To filter on _id, you must first convert a string to an object ID, by using the OID function, as shown in the example below.

SELECT *
FROM `/foo`
WHERE _id = OID("abc123")

13.1.2 JOINs on MongoDB

When executing a JOIN in SQL² against MongoDB, the analytics engine will decide whether to use the mapreduce API, or the aggregation API along with the $lookup operator. This operator was introduced in MongoDB version 3.2 and is the equivalent of a left outer equijoin. You can find out more here.

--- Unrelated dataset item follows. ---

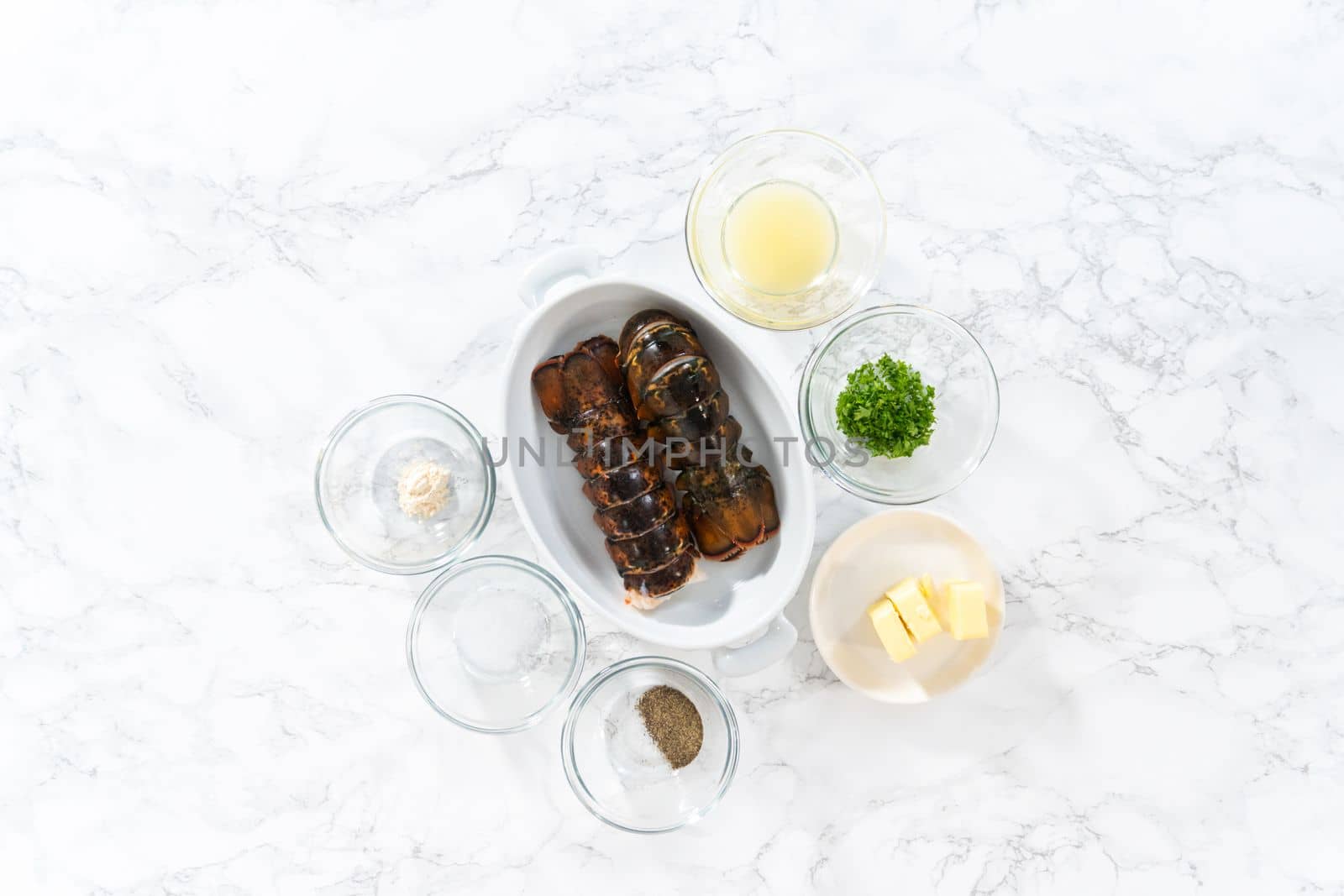 Flat lay. Measured ingredients in glass mixing bowls to prepare garlic lobster tails.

To leverage the $lookup operator, the query must satisfy the following conditions that are imposed by MongoDB:

  • Must be running MongoDB 3.2 or newer.
  • One collection must use an indexed field.
  • That collection must not be sharded.
  • Both collections must be in the same database.
  • Match must be an equijoin, based on equality only (a.field = b.field is ok, a.field < b.field is not).

If $lookup cannot be used, SlamData will fall back to utilizing the mapreduce API. Utilizing mapreduce is slower but more flexible and is also backwards compatible for MongoDB 2.6 and later.